**Short text fragments from websites:**
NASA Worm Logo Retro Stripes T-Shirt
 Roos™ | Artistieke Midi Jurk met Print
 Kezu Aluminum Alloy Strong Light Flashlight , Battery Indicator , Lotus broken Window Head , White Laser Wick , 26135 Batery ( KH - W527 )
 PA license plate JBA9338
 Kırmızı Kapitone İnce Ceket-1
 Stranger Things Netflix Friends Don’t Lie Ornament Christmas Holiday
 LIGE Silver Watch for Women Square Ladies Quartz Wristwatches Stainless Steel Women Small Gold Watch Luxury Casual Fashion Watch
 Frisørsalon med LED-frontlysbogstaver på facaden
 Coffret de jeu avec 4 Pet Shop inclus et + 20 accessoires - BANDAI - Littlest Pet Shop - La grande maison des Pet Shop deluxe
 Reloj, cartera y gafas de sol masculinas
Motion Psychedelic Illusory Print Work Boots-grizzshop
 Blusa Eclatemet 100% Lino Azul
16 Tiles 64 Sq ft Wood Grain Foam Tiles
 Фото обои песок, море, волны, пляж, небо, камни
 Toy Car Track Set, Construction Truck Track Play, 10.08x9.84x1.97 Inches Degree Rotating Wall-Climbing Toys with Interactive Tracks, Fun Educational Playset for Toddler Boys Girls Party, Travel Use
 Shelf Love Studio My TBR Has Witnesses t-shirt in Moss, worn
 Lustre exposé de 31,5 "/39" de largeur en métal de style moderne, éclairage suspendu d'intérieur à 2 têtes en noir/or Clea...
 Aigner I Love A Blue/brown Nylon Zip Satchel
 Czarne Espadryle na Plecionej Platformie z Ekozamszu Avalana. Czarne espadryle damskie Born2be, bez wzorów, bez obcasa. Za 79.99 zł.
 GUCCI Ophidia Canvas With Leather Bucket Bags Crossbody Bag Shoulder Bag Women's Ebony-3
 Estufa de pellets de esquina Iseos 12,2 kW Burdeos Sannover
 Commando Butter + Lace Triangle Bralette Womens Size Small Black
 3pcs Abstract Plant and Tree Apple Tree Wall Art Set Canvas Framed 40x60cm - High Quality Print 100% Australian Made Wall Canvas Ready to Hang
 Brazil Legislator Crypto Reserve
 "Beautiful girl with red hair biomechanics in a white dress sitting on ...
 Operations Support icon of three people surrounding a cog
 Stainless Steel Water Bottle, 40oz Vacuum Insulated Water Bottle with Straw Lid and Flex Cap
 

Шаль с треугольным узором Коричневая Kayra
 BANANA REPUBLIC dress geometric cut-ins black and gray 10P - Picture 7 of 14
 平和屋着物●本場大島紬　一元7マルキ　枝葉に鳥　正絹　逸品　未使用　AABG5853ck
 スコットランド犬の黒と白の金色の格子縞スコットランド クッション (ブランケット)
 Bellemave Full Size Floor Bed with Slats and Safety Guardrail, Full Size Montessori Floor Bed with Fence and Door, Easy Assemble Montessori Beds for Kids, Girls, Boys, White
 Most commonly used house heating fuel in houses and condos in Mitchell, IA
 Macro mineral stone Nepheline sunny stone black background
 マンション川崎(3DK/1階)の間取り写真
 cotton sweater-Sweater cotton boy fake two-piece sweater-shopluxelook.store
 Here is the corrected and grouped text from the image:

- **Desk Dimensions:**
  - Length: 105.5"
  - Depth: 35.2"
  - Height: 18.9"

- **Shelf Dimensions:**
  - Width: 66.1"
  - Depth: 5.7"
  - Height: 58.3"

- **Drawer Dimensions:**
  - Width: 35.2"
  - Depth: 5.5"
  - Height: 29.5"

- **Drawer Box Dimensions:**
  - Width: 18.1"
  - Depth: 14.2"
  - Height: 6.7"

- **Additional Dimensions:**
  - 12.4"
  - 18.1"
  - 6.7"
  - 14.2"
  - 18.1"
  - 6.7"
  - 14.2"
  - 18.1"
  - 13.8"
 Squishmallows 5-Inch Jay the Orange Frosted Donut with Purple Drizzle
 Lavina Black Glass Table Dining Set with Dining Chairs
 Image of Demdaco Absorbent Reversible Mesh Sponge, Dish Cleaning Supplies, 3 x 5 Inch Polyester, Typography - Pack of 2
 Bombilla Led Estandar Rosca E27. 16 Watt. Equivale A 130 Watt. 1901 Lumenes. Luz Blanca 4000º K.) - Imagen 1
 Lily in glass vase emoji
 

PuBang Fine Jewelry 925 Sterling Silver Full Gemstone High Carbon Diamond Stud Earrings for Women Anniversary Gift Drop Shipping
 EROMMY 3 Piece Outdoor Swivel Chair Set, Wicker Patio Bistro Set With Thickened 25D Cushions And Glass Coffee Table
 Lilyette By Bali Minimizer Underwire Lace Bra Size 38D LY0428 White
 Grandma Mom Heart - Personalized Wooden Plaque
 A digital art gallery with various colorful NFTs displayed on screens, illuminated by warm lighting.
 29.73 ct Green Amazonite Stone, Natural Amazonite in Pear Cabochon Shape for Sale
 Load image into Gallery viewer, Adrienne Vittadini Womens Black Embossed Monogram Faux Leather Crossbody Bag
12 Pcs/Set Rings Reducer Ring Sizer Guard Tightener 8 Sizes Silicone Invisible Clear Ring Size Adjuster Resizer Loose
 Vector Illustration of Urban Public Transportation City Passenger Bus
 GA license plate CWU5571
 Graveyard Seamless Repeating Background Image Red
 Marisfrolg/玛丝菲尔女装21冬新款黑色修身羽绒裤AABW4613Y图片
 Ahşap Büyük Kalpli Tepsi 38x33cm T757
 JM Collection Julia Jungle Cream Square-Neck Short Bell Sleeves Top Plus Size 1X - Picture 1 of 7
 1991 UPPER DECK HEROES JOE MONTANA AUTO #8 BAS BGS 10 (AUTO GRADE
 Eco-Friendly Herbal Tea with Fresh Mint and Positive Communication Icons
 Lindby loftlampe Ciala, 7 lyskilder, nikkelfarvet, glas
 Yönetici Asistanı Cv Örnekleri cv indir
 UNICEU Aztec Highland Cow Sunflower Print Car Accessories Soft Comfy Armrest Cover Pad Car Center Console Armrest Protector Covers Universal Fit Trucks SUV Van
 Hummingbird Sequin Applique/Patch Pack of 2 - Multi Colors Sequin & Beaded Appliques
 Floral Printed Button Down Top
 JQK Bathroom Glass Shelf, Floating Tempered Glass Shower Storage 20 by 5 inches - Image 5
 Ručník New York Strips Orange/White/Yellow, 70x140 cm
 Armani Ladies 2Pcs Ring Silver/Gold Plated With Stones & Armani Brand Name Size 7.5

**EXERCISE GOAL:** Would you print, exactly as written, every line above from the one holding "LIGE Silver Watch" through the one holding "平和屋着物●本場大島紬　一元", with both included and no other lines?

**TASK OUTPUT:**
 LIGE Silver Watch for Women Square Ladies Quartz Wristwatches Stainless Steel Women Small Gold Watch Luxury Casual Fashion Watch
 Frisørsalon med LED-frontlysbogstaver på facaden
 Coffret de jeu avec 4 Pet Shop inclus et + 20 accessoires - BANDAI - Littlest Pet Shop - La grande maison des Pet Shop deluxe
 Reloj, cartera y gafas de sol masculinas
Motion Psychedelic Illusory Print Work Boots-grizzshop
 Blusa Eclatemet 100% Lino Azul
16 Tiles 64 Sq ft Wood Grain Foam Tiles
 Фото обои песок, море, волны, пляж, небо, камни
 Toy Car Track Set, Construction Truck Track Play, 10.08x9.84x1.97 Inches Degree Rotating Wall-Climbing Toys with Interactive Tracks, Fun Educational Playset for Toddler Boys Girls Party, Travel Use
 Shelf Love Studio My TBR Has Witnesses t-shirt in Moss, worn
 Lustre exposé de 31,5 "/39" de largeur en métal de style moderne, éclairage suspendu d'intérieur à 2 têtes en noir/or Clea...
 Aigner I Love A Blue/brown Nylon Zip Satchel
 Czarne Espadryle na Plecionej Platformie z Ekozamszu Avalana. Czarne espadryle damskie Born2be, bez wzorów, bez obcasa. Za 79.99 zł.
 GUCCI Ophidia Canvas With Leather Bucket Bags Crossbody Bag Shoulder Bag Women's Ebony-3
 Estufa de pellets de esquina Iseos 12,2 kW Burdeos Sannover
 Commando Butter + Lace Triangle Bralette Womens Size Small Black
 3pcs Abstract Plant and Tree Apple Tree Wall Art Set Canvas Framed 40x60cm - High Quality Print 100% Australian Made Wall Canvas Ready to Hang
 Brazil Legislator Crypto Reserve
 "Beautiful girl with red hair biomechanics in a white dress sitting on ...
 Operations Support icon of three people surrounding a cog
 Stainless Steel Water Bottle, 40oz Vacuum Insulated Water Bottle with Straw Lid and Flex Cap
 

Шаль с треугольным узором Коричневая Kayra
 BANANA REPUBLIC dress geometric cut-ins black and gray 10P - Picture 7 of 14
 平和屋着物●本場大島紬　一元7マルキ　枝葉に鳥　正絹　逸品　未使用　AABG5853ck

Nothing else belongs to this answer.